Textão de indignação
Situação hipotética, muito difícil de ocorrer nesse Brasil: descobrem que o prefeito de sua cidade, mancomunado com vereadores, promotores, juízes, está cometendo atos ilícitos, que ensejam pedidos de impeachment, renúncia, investigação, prisão. Mas os camaradas são caras de pau, não largam o osso na política municipal (hipótese absurda, hein gente!).
Organiza-se uma manifestação pacífica, por pessoas que só pra garantir carregam pedra, foice, rojão, bomba. Vai que, né gente. Mas isso não ocorre fora do Planalto Central, que imaginação fértil a minha.
Eu gostaria de saber se os defensores dos "manifestantes" apoiariam e justificariam a tentativa de invadir a prefeitura, a depredação da câmara de vereadores, a jogada de bomba no prédio de uma secretaria qualquer, com os trabalhadores dentro.
Seria interessante ver a reação dos munícipes ao descobrir que aquele é o prédio onde trabalham seus parentes, seus vizinhos, aquela antiga ajudante querida que agora é terceirizada da limpeza.
Coçaria pra testemunhar os defensores da baderna recebendo no whatsapp mensagem do (a) namorado (a), avisando que teve que sair de um desses lugares escoltado pela garagem, sem crachá, porque bombas foram jogadas no térreo. E ele (a) ainda tem que pegar o carro no estacionamento, passar pela fileira de defensores da paz que usam coquetel molotov. Não foi de ônibus como de costume porque a via principal, de seis pistas, estava interditada para o exercício do direito à livre manifestação desde a meia-noite. Mas isso também é privilégio de cidade que concentra bandido, na terra dos defensores de bandeira tá tudo legal, ninguém vê seu local de trabalho pegando fogo colocado por gente do bem.
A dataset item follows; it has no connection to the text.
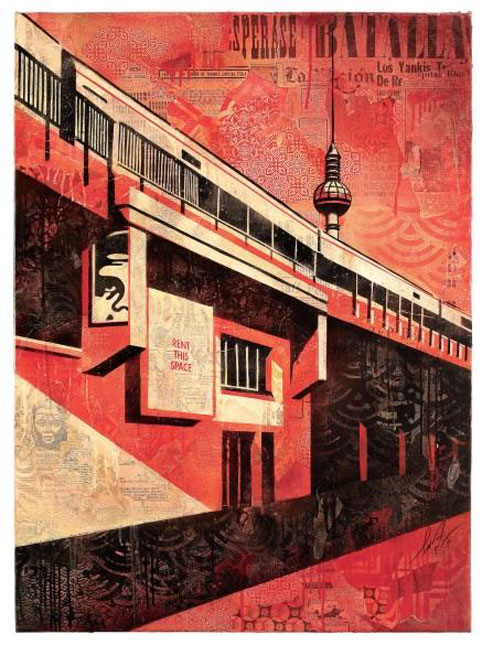 Shepard Fairey, Berlin Tower, 2011 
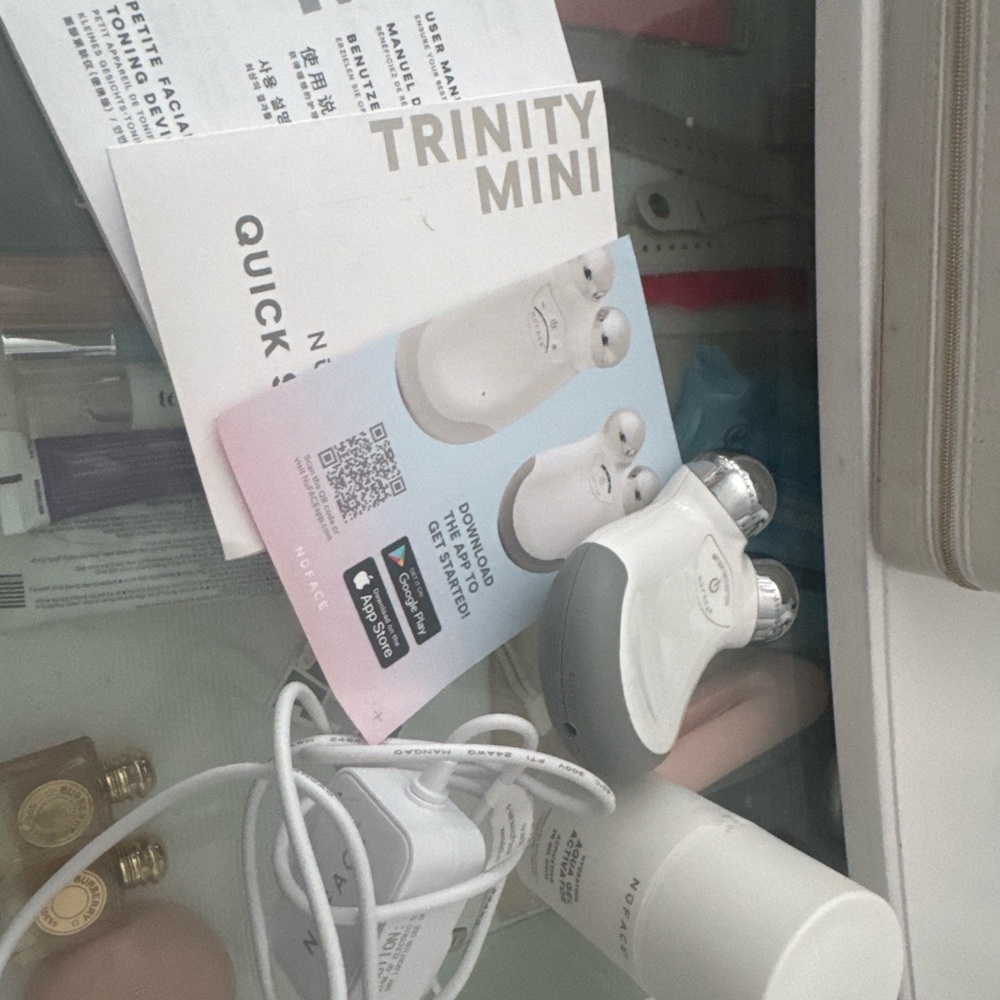 NuFace Trinity Mini Skincare Tool - White and Silver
Eu queria, só queria, ver o pessoal que se abate com remoção de invasão, com ataque terrorista no exterior, com demolição de casa com dependentes químicos dentro, com incêndio criminoso na casa do vizinho, com violência a condenado na cadeia, descobrir que Brasília não é feita só dos prédios bonitos do Niemeyer. Gostaria que percebessem que Brasília não é habitada apenas pelos políticos que os votos de todos os brasileiros mandam pra cá. Que essa terra é feita de gente. De gente que pega ônibus lotado às cinco da madrugada para limpar e vigiar os prédios públicos, pra fazer faculdade com bolsa e estagiar no serviço público, conciliando com outro emprego para alimentar os filhos, mirando um futuro melhor. De gente que estudou com muita luta, enquanto outros curtiam a balada e brincavam, passou num concurso sem cartas marcadas e largou sua cidade em busca de trabalho. De gente que vem para ser auxiliar de qualquer coisa e só consegue visitar a família a cada dois anos, porque a passagem é cara e a viagem longa. De moradores dos arredores do maior lixão a céu aberto e da maior favela horizontal da América Latina, que têm na terceirização do serviço público a pequena fonte de renda da família.
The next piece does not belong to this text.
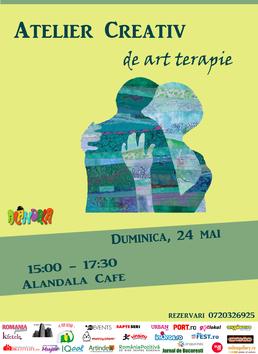 poze atelier creativ de art terapie la alandala bucuresti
Eu queria, só queria, que os cientistas políticos de botequim e leitores de blogs de intelectuais e humoristas recebedores de mesada de partido, que arrotam posts agressivos contra Brasília, pegassem o ônibus, o carro ou o avião, e passassem alguns dias aqui. Que deixassem de pensar que essa cidade é só um quadradinho no mapa ou a Esplanada que aparece no Jornal Nacional (e no Jornal do SBT, pra quem boicota a emissora golpista).
Eu queria que conhecessem os candangos, os brasilienses, os moradores do entorno, as pessoas de diferentes sotaques e culturas que se identificam e se tornam vizinhos/colegas de trabalho irmãos, numa cidade que muitos chamam de fria.
Eu queria que estudassem a história dessa região que foi e continua sendo a promessa de uma vida melhor pra tanta gente, e a vissem como um aglomerado de pessoas boas, como enxergam seus conterrâneos e prezam pela sua cidade.
Na minha cidade, tive a oportunidade de trabalhar em agência bancária invadida por baderneiros ignorantes e destruidores, que não enxergavam que nós, atendentes que eles agrediam, éramos tão trabalhadores como eles. Doeu ver o que destruíram. Eu devo ter sonhado, porque essas coisas não acontecem fora do quadradinho planejado, é difícil pros outros imaginarem.
Mas... é Brasília, né. Aqui, o livre direito à manifestação pode colocar os outros em risco, pode impedir o exercício do direito de ir e vir, pode virar violência que inspira quadrinhos e memes pro resto do país se divertir, e textões criticando manchetes que usam vândalos em vez de manifestantes.
Cansada disso tudo, e eu também gostaria que nosso governante fosse outro. Há limites em qualquer lugar, sempre.